For the indirect and direct elisa, the antigen is applied to the surface of the elisa plate, but for a capture antibody is attached directly to the surface of the plate for sandwich elisa. Aside from this major difference the indirect and elisa protocol is very similar to the sandwich elisa protocol. There are plenty of blocking and washing steps to avoid non-specific binding, and there are incubation times to allow antibodies and antigens to bind properly. The indirect elisa requires two antibodies—a primary antibody to bind to the antigen, and a secondary antibody conjugated to an enzyme or fluorophore. The direct elisa uses a primary antibody that is directly conjugated to an enzyme or fluorophore. Either way, both of these methods—and indeed every elisa protocol, is a labeled assay. The antibody-antigen binding event cannot be quantified without the presence of the enzyme or fluorophore.

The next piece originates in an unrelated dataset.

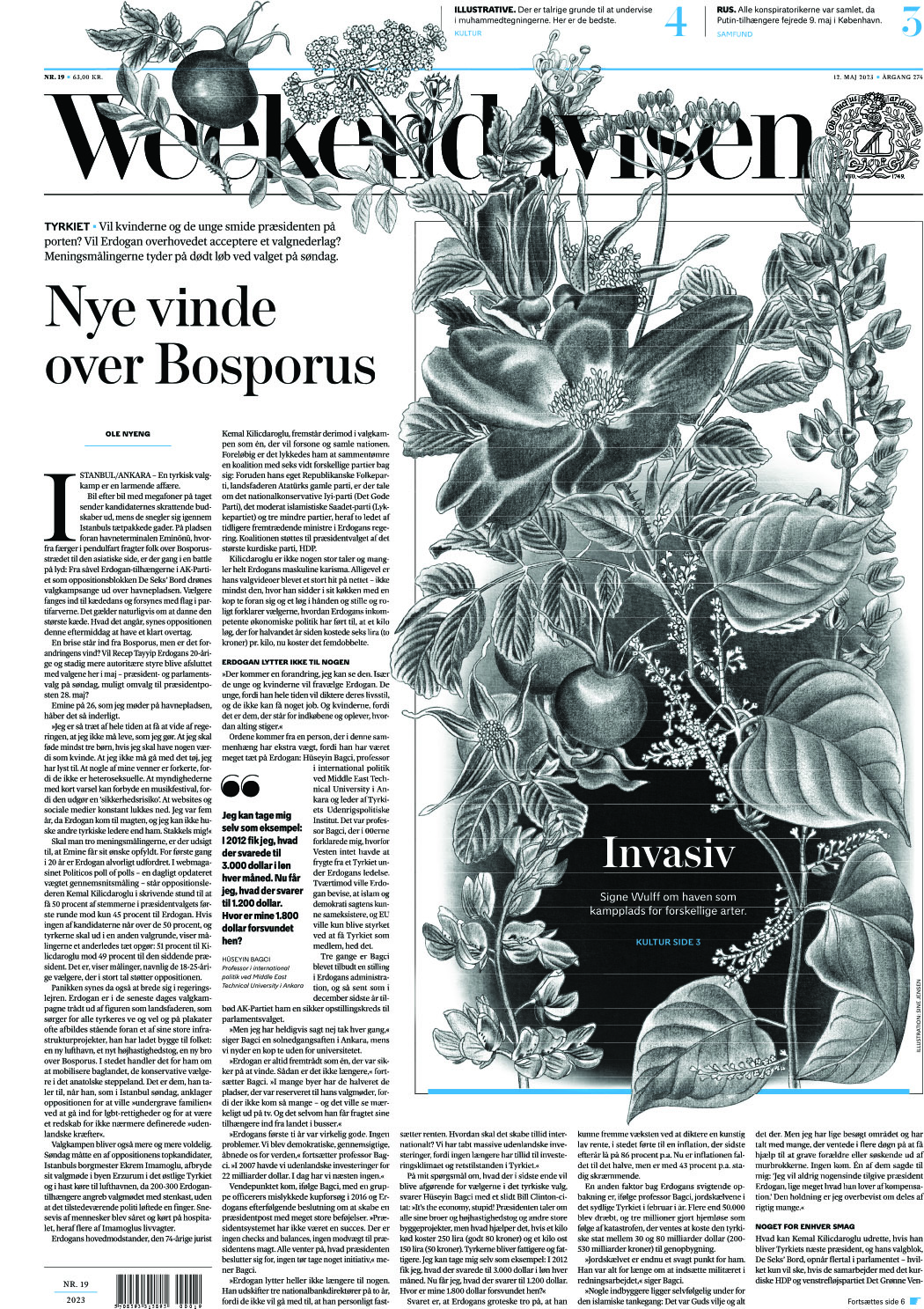 SND45: World's best designed newspaper – Covers in a dangerous time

Choosing plates for an elisa protocol
The most commonly used plate is a 96-well polystyrene plate. These are used because they provide many wells for performing replicate side-by-side reactions. Also, proteins passively bind to the polystyrene surface. Additionally, the plates come as translucent plastic or as dark black plastic. The translucent plates are ideal for colorimetric detection systems that produce a color change that can be quantified by a spectrophotometer. The dark plates are useful for chemiluminescent systems where the light production is detected by a luminometer. They are also used for fluorescent systems, which are quantified by a fluorometer. An elisa can be performed with a plain uncoated 96-well plate, but many pre-coated plates are commercially available to improve binding specificity, optimize concentrations, and to decrease the overall working time.
Some examples of pre-coated plates:
- protein A/G
- maleic anhydride coated plates improve binding of amino acids rich in primary amines
- maleimide coated plates improve binding of amino acids rich in sulfydryl groups
- Streptavidin or biotinyated plates
- Nickel or copper chelate coatings to preferentially bind histidine-tagged proteins
Basic steps in a direct or indirect elisa protocol
- Optimize concentrations of antigen and antibody:
2. Bind antigen to plate surface:
- can use an uncoated or coated plate
- an overnight incubation at 4°C or a 1 hour incubation at 37°C is standard
3. Wash away unbound antibody and block unbound sites on the plate
- this prevents non-specific binding of antibodies to the plate
- milk is a common blocking agent, but proteins such as BSA, ovalbumin, aprotinin, or others are also used. Animal serum is also a useful blocking agent, but it contains far more proteins and antibodies than single-source protein blocks.
4. Wash away block5. Select and add antibodies and antibody labels. Incubate for at least 1 hour.
- direct elisa: a conjugated antibody-enzyme is applied
- indirect elisa: a primary antibody is added, followed by an extra wash and incubation with a labeled secondary antibody
6. Wash away unbound antibody
7. Apply substrate to the wells of the plate
- Alkaline phosphatase (AP) and horseradish peroxidase(HRP) are two commony used enzymes
- AP catalyzes the hydrolysis of phosphate groups from the substrate to produce color or light.
- HRP catalyzes the oxidation of substrates by hydrogen peroxide to produce color or light.
8. Detect the resulting color change, fluroescence, or light production from the interaction of the substrate with the antibody-linked enzymes.
The elisa is the gold standard of immunoassays, but it is time-consuming, label-dependent, expensive, and difficult to make into a multiplex assay (testing for multiple antigens or antibodies at once). Cutting edge research in biosensing and immunoassay development is trending toward label-free assays that do away with enzyme reactions and conjugated fluorophores. These devices will be compact and will enable multiplex analysis of samples. However, until these devices hit the market, the trusty elisa will be the standard diagnostic tool in every clinical laboratory.